▶ What the exercise asks
An exact reproduction of the data below is expected, free of images.

▶ Collected material

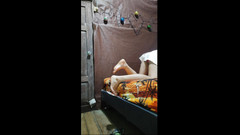 Martin13: Fantazie mého nevlastního otce se splnila! Pomalý anální sex a...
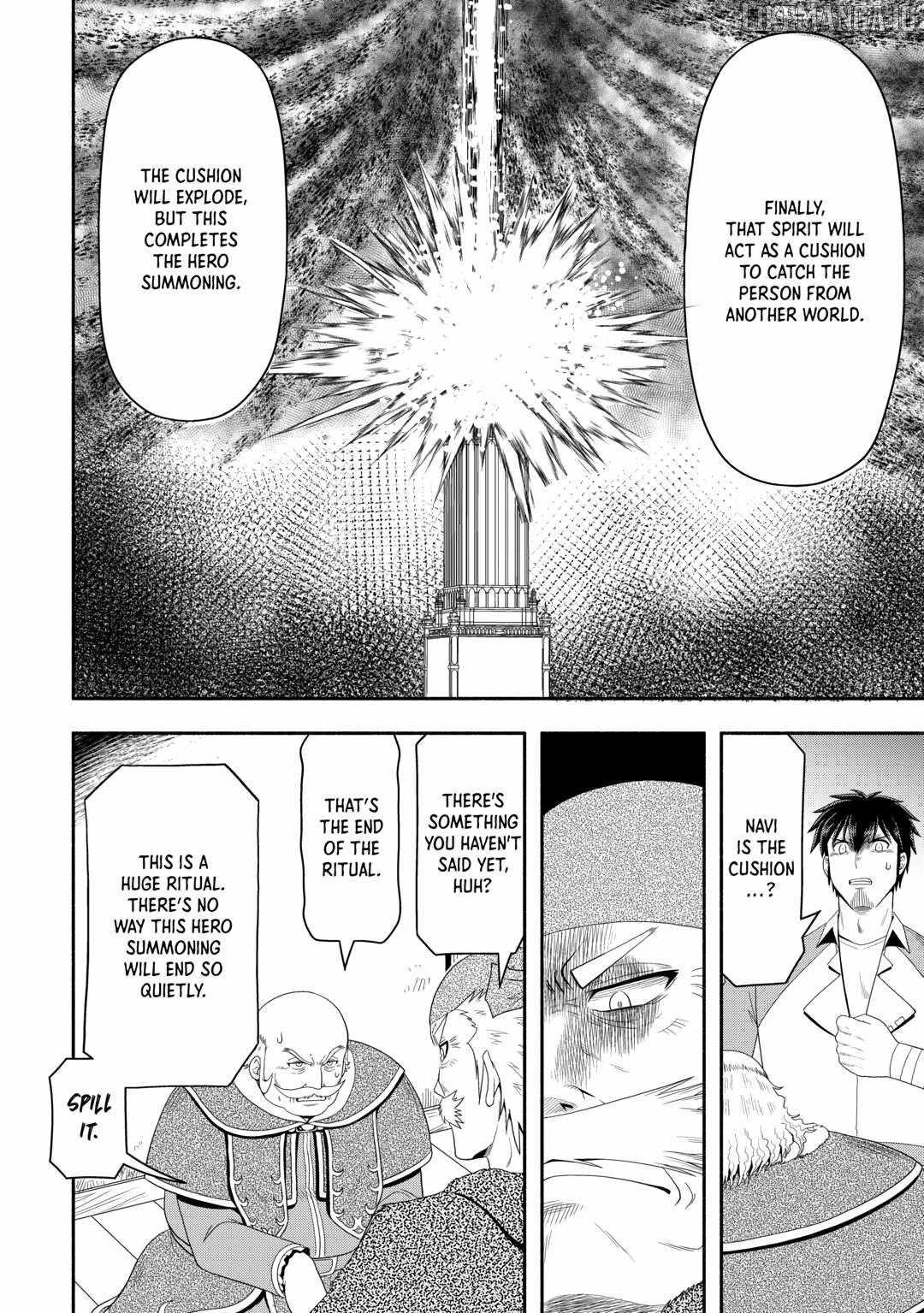 Isekai Ni Tobasareta Ossan Wa Doko E Iku? Chapter 73 - Page 18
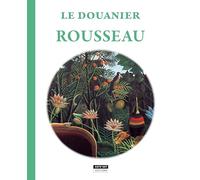Le Douanier Rousseau - Coloring Book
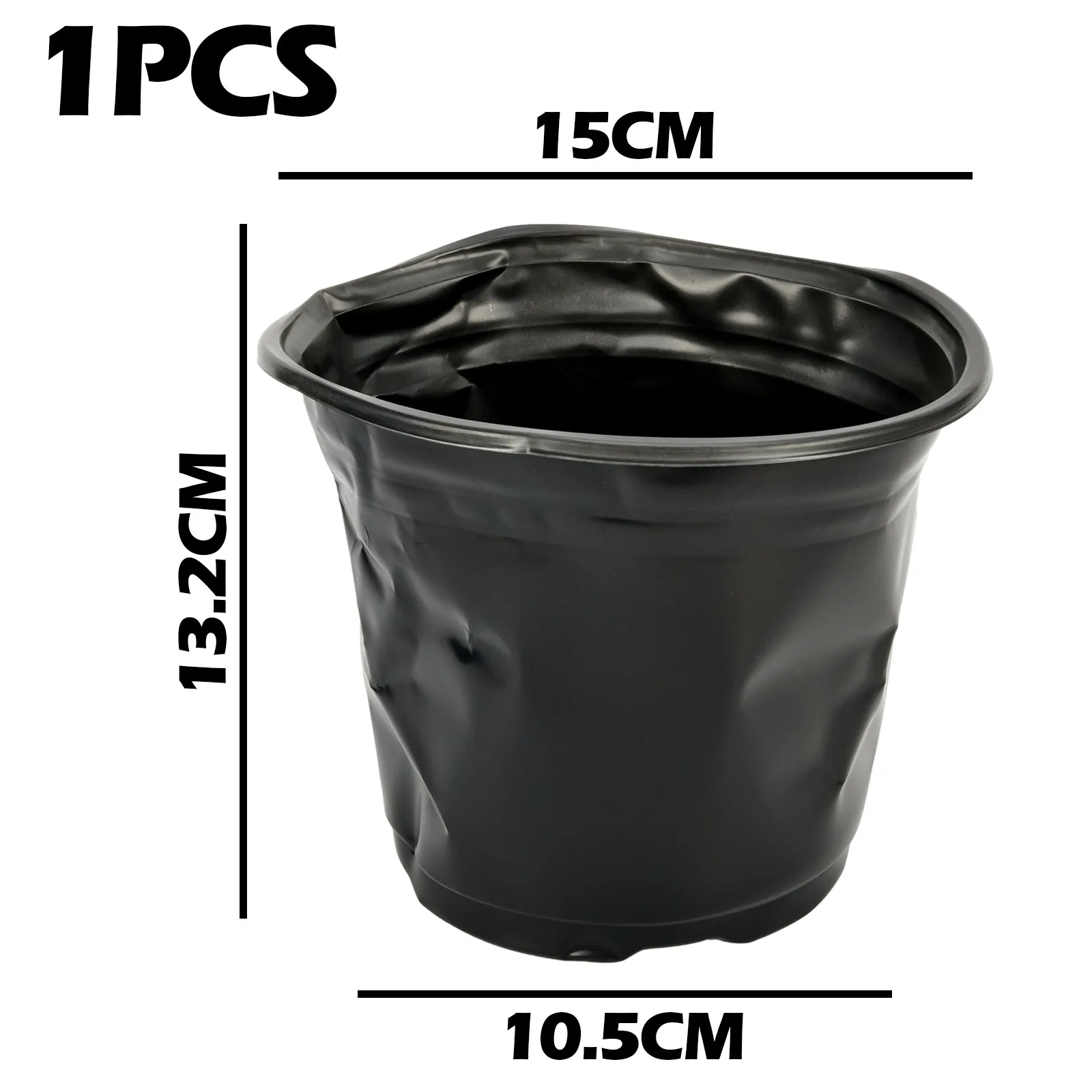 High Quality New Practical Flowerpot Plant Pots Orchid Bonsai Daisy Mint Plastic Replacement Rose Strong Accessory Tool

▶ Finished task
 Martin13: Fantazie mého nevlastního otce se splnila! Pomalý anální sex a...
 Isekai Ni Tobasareta Ossan Wa Doko E Iku? Chapter 73 - Page 18
Le Douanier Rousseau - Coloring Book
 High Quality New Practical Flowerpot Plant Pots Orchid Bonsai Daisy Mint Plastic Replacement Rose Strong Accessory Tool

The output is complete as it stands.